Short descriptive text snippets:
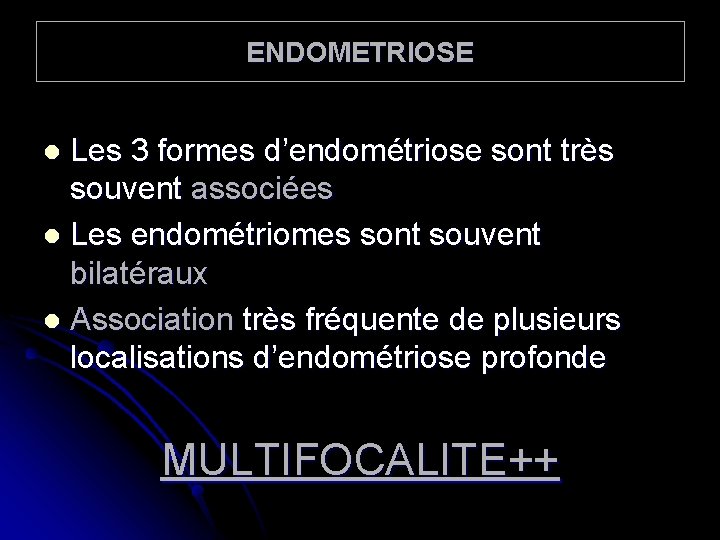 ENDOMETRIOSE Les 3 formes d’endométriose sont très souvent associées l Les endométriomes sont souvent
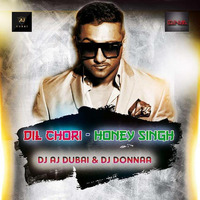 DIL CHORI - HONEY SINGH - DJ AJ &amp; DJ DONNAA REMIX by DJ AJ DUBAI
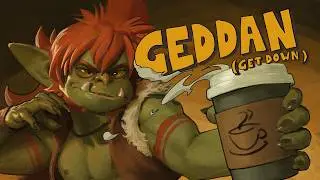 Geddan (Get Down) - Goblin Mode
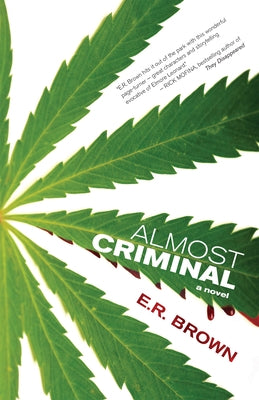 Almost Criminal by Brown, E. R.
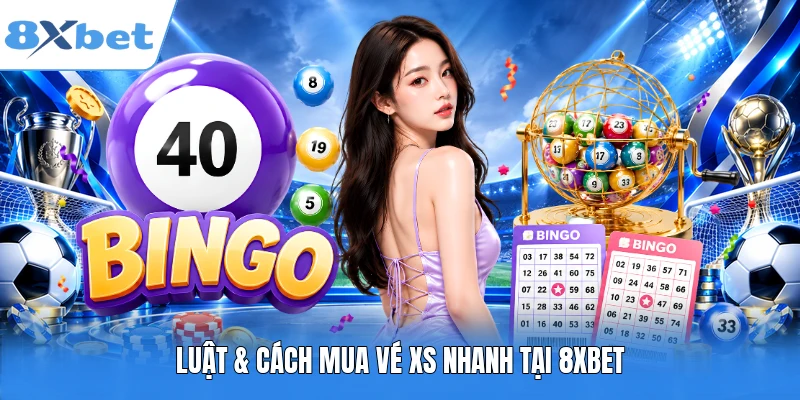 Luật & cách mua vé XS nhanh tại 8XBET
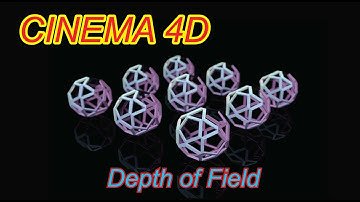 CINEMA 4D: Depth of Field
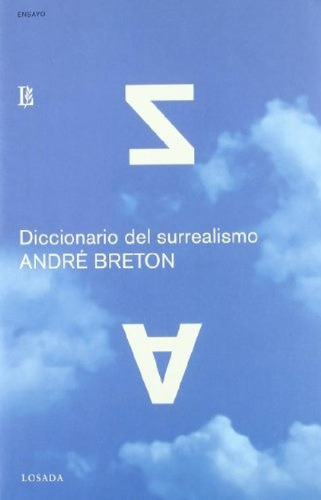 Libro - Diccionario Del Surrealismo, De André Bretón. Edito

> _Instructions to follow_
Only one thing is required: an exact printout of the lines from the line containing "DIL CHORI - HONEY" through the last line of the records, pictures excluded.

> _Result for this task_
 DIL CHORI - HONEY SINGH - DJ AJ &amp; DJ DONNAA REMIX by DJ AJ DUBAI
 Geddan (Get Down) - Goblin Mode
 Almost Criminal by Brown, E. R.
 Luật & cách mua vé XS nhanh tại 8XBET
 CINEMA 4D: Depth of Field
 Libro - Diccionario Del Surrealismo, De André Bretón. Edito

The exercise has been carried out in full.